I have been . . . thinking about ways in which books get not only reread but also rewritten--both in one's own language (with the ambivalence of the writer and the back-and-forth between editor and writer), and in translation. The liberties translators take that enhance; the ones taken that diminish. And for me, the alarm. There's always the threat of not being taken seriously, of having the work reduced to social anthropology, of having the politics of one's own language, the politics of one's own language bury, rather than expose, the reader's own politics.
--Toni Morrison, "Home," The House that Race Built

In the last post, I was trying to show that it's not just the "text," not just the "language" in linguistic terms, that matters in translation. One's personality, one's own person, matters more. Those who insist on "accuracy," or on "style," or on "equivalence" sometimes forget the very personal issues. Toni Morrison, for instance, reminds that if a reader's subjectivities are buried, then a translator has not done his or her work fully.

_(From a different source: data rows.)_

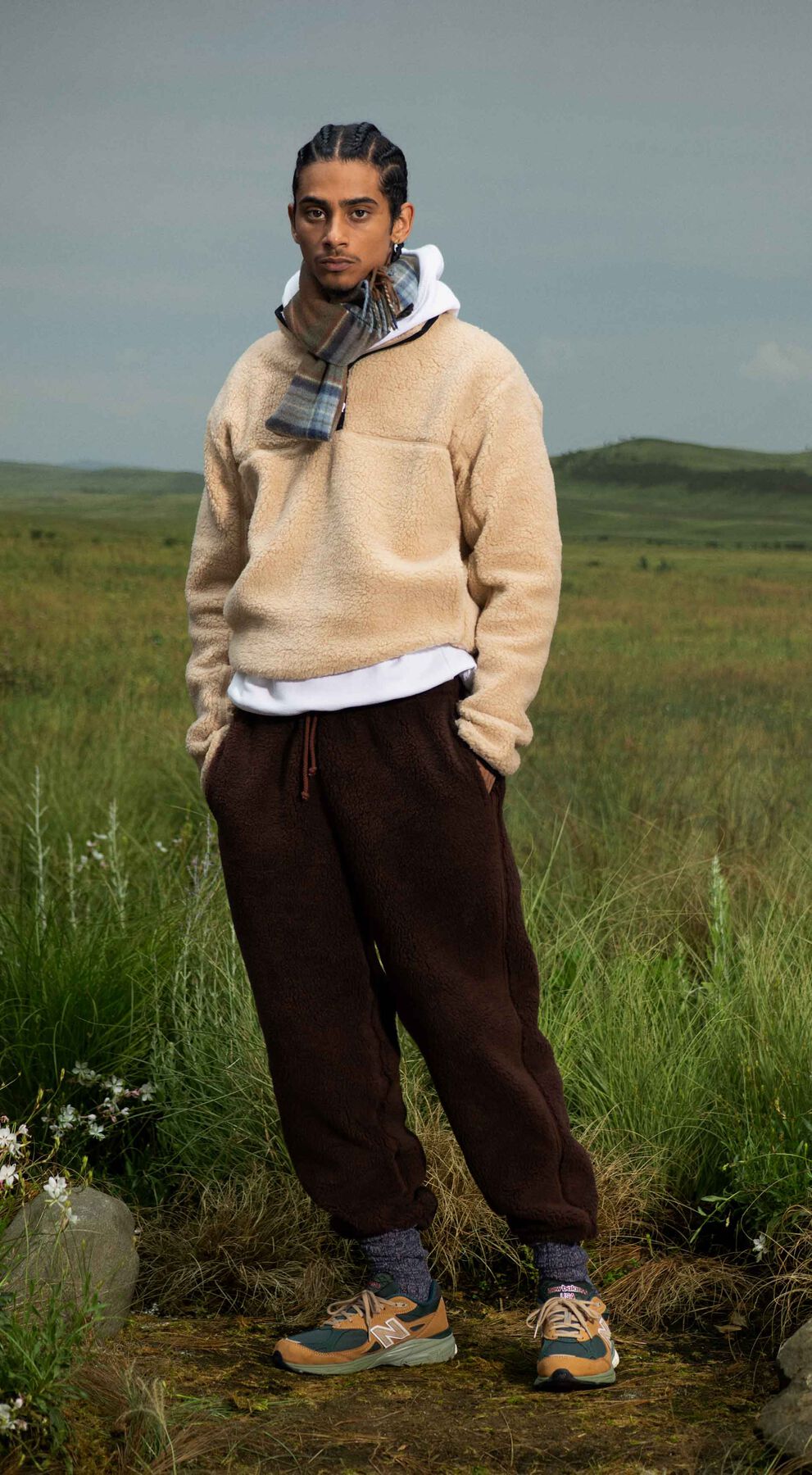 A man standing in a beautiful outdoor environment wearing the tan and green 990v3 sneakers.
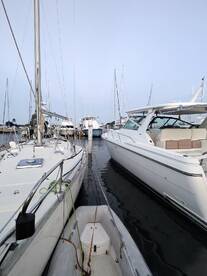 A serene view of multiple yachts docked at a marina, showcasing their sleek designs and tranquil surroundings.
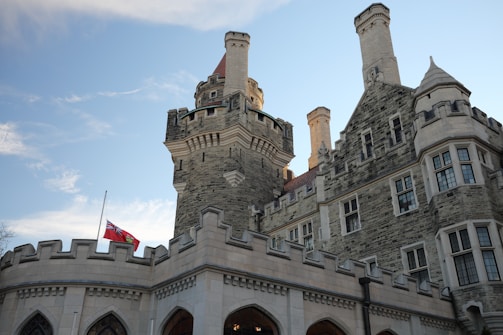 A historic stone castle with intricate architectural details and tall towers stands against a clear blue sky. A flag flies at half-mast on a pole in front of the castle.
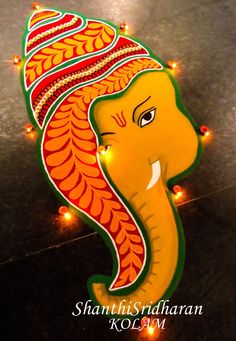 an elephant with lights on it's head in the shape of a sign that reads ganeshi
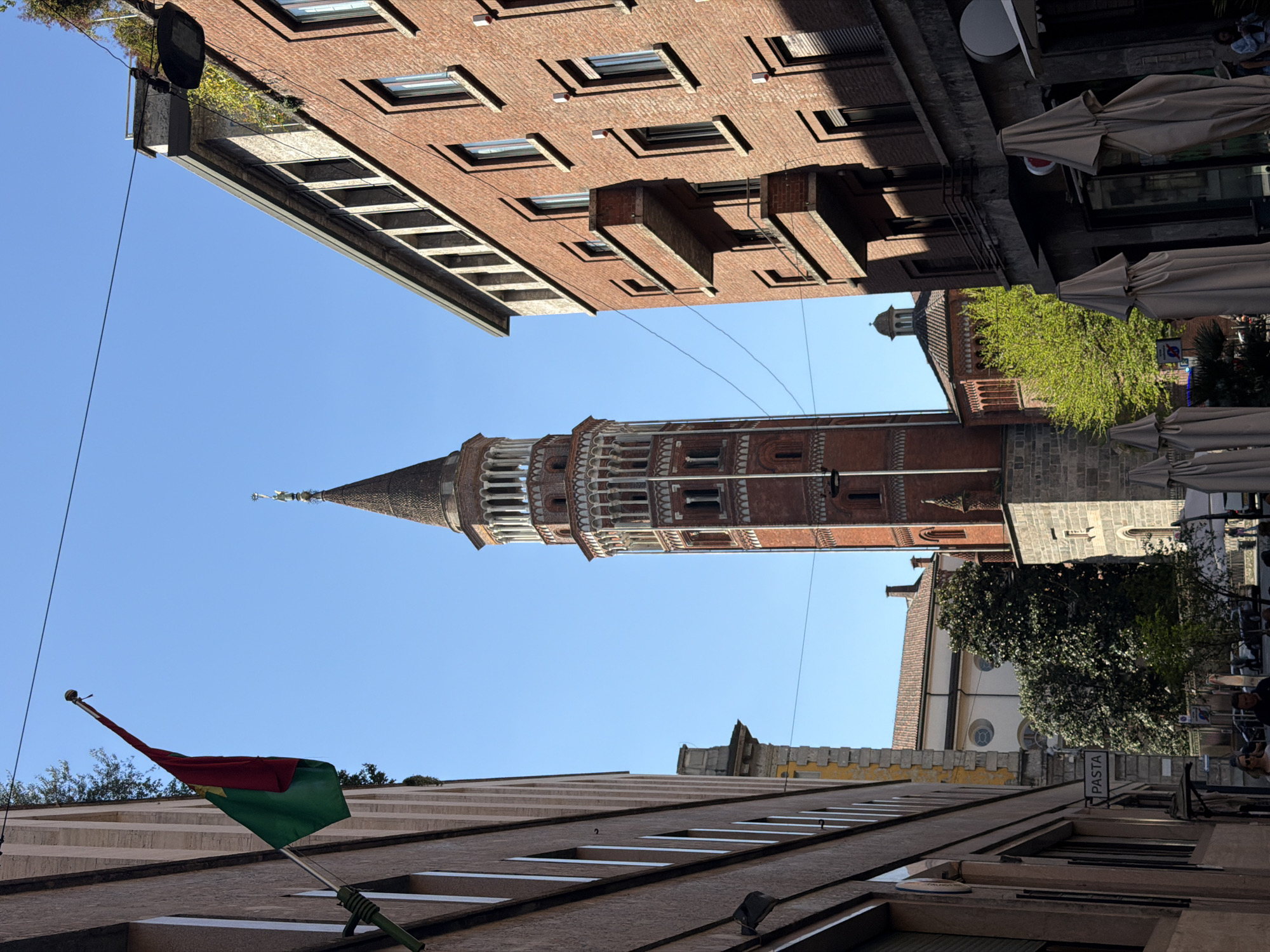 An eye-level, rotated, long shot captures a view of Milan, Italy, looking upwards from a narrow street. The Torre Velasca tower is centrally positioned in the shot, towering above the surrounding structures with its distinctive architectural style. The sky is a clear, bright blue, contrasting with the reddish-brown brick of the tower. Two multi-story buildings with numerous rectangular windows line the top and bottom of the view, framing the tower. A flag, with a dual-colored design, green and red, is affixed to the building at the bottom. On the right side of the scene, tan-colored umbrellas are visible, suggesting an outdoor dining area. A tower-like structure sits to the right of the Velasca tower. A sign marked "PASTA" can be seen in the lower right.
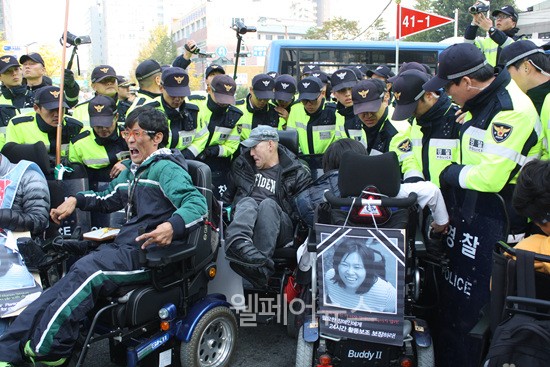 ▲ 故 김주영 활동가 장례식에 참석한 이들이 광화문광장에서 보건복지부로 향하는 도중 경찰들은 길을 가로막았고, 이에 항의하는 사람들을 채증했다.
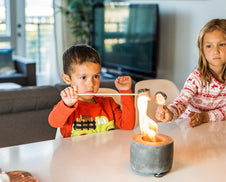 Kids toasting marshmallows on National Marshmallow Toasting Day.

And Beth of Sunlight and Shadows, for example, blogs her top ten reasons she won't tone down her "crazy feminism." She starts: "10. Because I grew up going to Sunday school and learning about the men in the Bible, but not the women." and counts down more . . . "7. Because male pastors aren’t expected to suppress their gender identities." . . . "3. Because putting women in a box puts men in a box too." Now if you're reading her post, and if you haven't let it expose your own politics, then you may have a bad translation of the Bible, and you may be just looking for textual "accuracy," or "style," or "equivalence."